YOUR TASK: Output must consist only of the lines of the material below from the one with "Nov. 10, 2020" through the one with "vidaXL TV skapītis, 120x30x45", each reproduced exactly; no pictures belong in it.

STORED DATA:
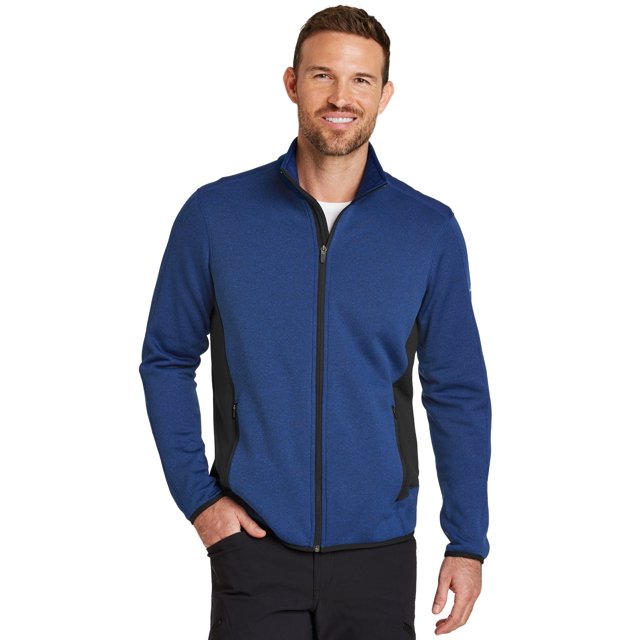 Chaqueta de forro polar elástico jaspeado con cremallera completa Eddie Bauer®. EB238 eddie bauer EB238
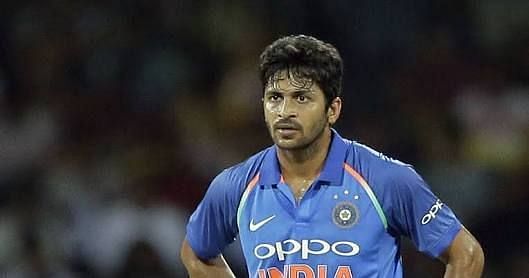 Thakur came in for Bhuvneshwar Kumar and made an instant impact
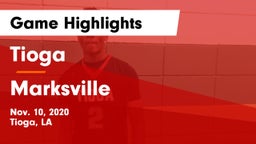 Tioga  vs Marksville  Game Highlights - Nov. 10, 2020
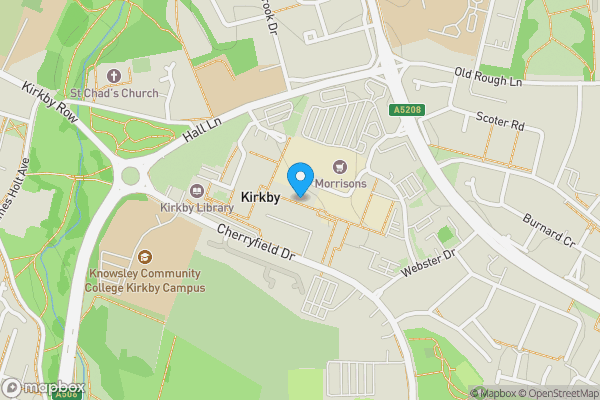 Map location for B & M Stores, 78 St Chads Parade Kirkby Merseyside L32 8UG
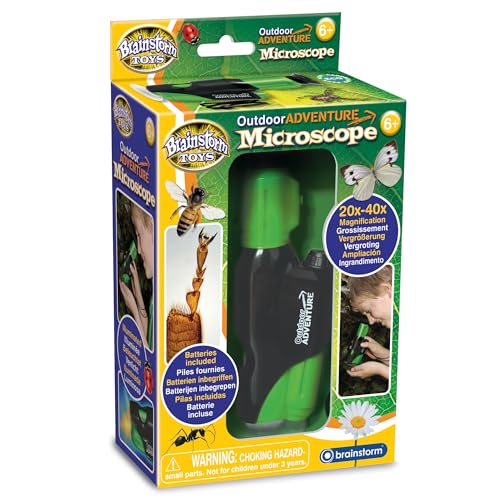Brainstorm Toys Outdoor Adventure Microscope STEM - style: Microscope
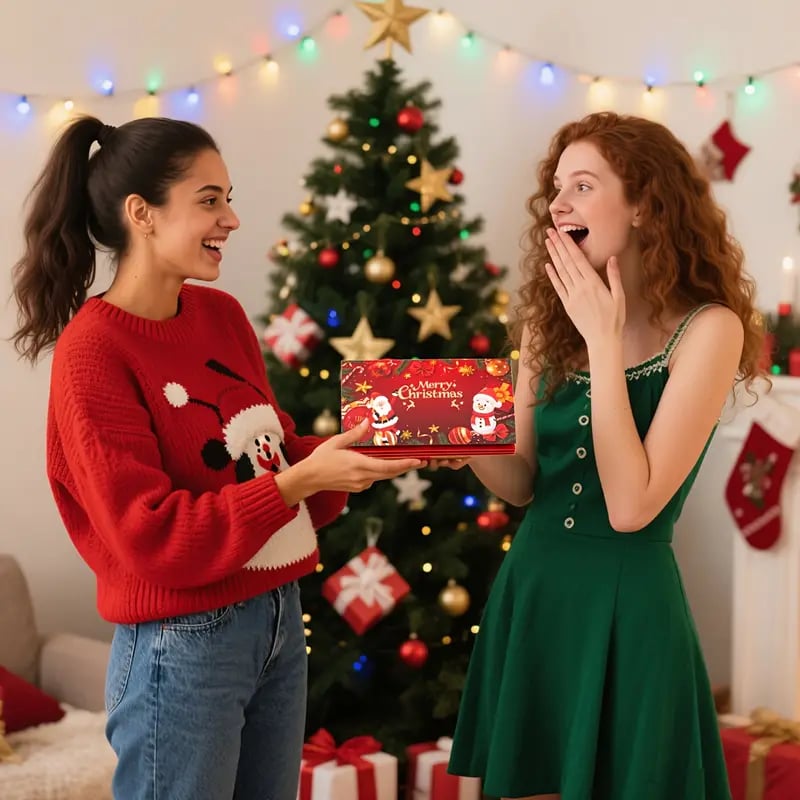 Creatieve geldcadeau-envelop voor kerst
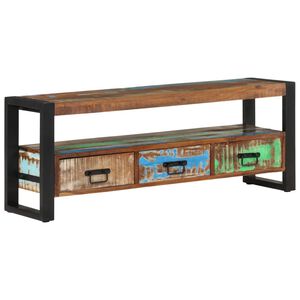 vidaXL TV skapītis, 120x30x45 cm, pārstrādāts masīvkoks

* * *

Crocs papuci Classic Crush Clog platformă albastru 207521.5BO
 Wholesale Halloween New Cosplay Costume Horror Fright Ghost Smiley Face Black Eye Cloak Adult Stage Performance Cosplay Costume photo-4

PROBLEM SOLUTION:
 Tioga  vs Marksville  Game Highlights - Nov. 10, 2020
 Map location for B & M Stores, 78 St Chads Parade Kirkby Merseyside L32 8UG
Brainstorm Toys Outdoor Adventure Microscope STEM - style: Microscope
 Creatieve geldcadeau-envelop voor kerst
 vidaXL TV skapītis, 120x30x45 cm, pārstrādāts masīvkoks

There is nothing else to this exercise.